FlowControllers
This page documents the underlying motivation, the initial design, and the ongoing implementation work of FlowController components (naming up for discussion!). as an additional, reusable Pipeline Control Elements
Motivation
Parallelizatoin and distribution require the partitioning of data and more generally more control over workflows. E.g.after splitting and distributing data for parallel computation, data will have to be merged again for further processing in a workflow. This is currently not well supported through by the platform, since plug-ins have exactly one previous element in a workflow.
There are several generic ways to split data/a workflow and merge again. The precise way to perform this depends on
- the dataset (which might not be trivial to split, e.g. due to data interdependencies),
- involved plug-ins,
- the workflow/use-case.
Use case scenarios where this functionality is required are
- WP7b: Semantic annotation: Information extraction application (GATE) requires processing of large amounts of text documents. This calls for a split of input data and parallel processing of individual documents with a following merging of results (see following picture).
- WP6: Branching within workflows, routing of data to different plug-ins.
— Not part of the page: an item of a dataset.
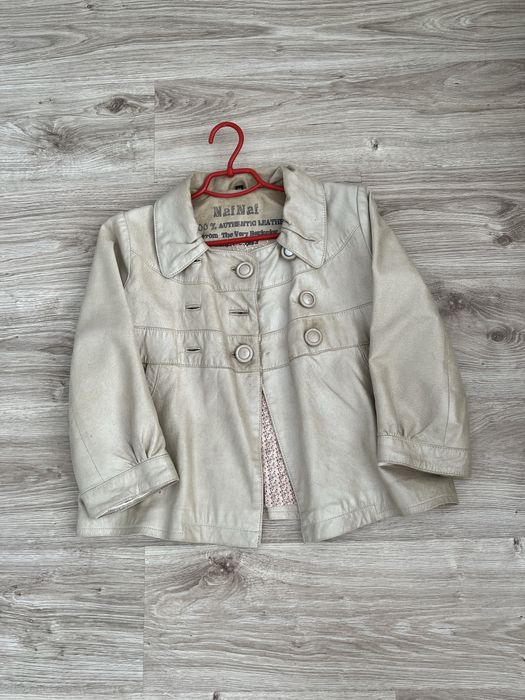 Кожаная куртка Naf Naf, вторая куртка и платье в подарок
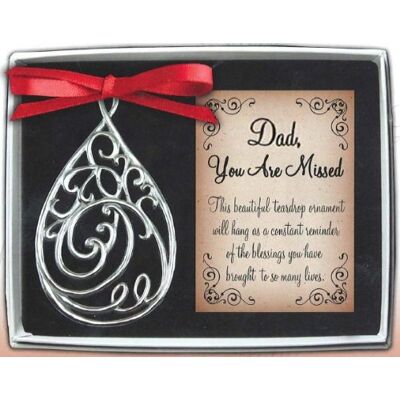 ART Papa Teardrop (Abbey & CA Gift) Memorial Ornament (TDO102) ART Papa Teardrop (Abbey & CA Gift) Memorial Ornament (TDO102)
Therefore, it should not be plug-ins (or rather plug-in managers) that perform this operation but rather distinct components that only impact workflow execution and if required perform the splitting of data. This achieves a separation of concerns (aspects): Distribution (remote communication, etc.) is encapsulated within plug-in managers, just as it is now. The only responsibility of a FlowController is workflow manipulation, e.g. splitting of workflows, merging of workflows, conditional execution of a branch, etc.
A multitude of different implementations are possible once appropriate interfaces are in place. Hopefully, this also results in granular components that can be re-used in different workflows, since a basic splitting/merging are fairly generic.
Initial Design
The basic design goals is to introduce a fine-grained components that can be used within workflows. The main functionality of a FlowController is to direct the execution flow between plug-ins in ways that cannot be achieved with the current plug-in design. The reason to isolate this functionality from other aspects, such as processing (handled within a plug-in) and distrubtion/communication (handled by a plug-in manager).
Thus the functionality of a FlowController is:
- Split data and/or execution flow to several plug-ins
- Merge execution data and/or execution flow
- Conditional execution paths
- etc.
Design issues:
Plug-ins need to be able to be connected directly or through one or more intermediate FlowController.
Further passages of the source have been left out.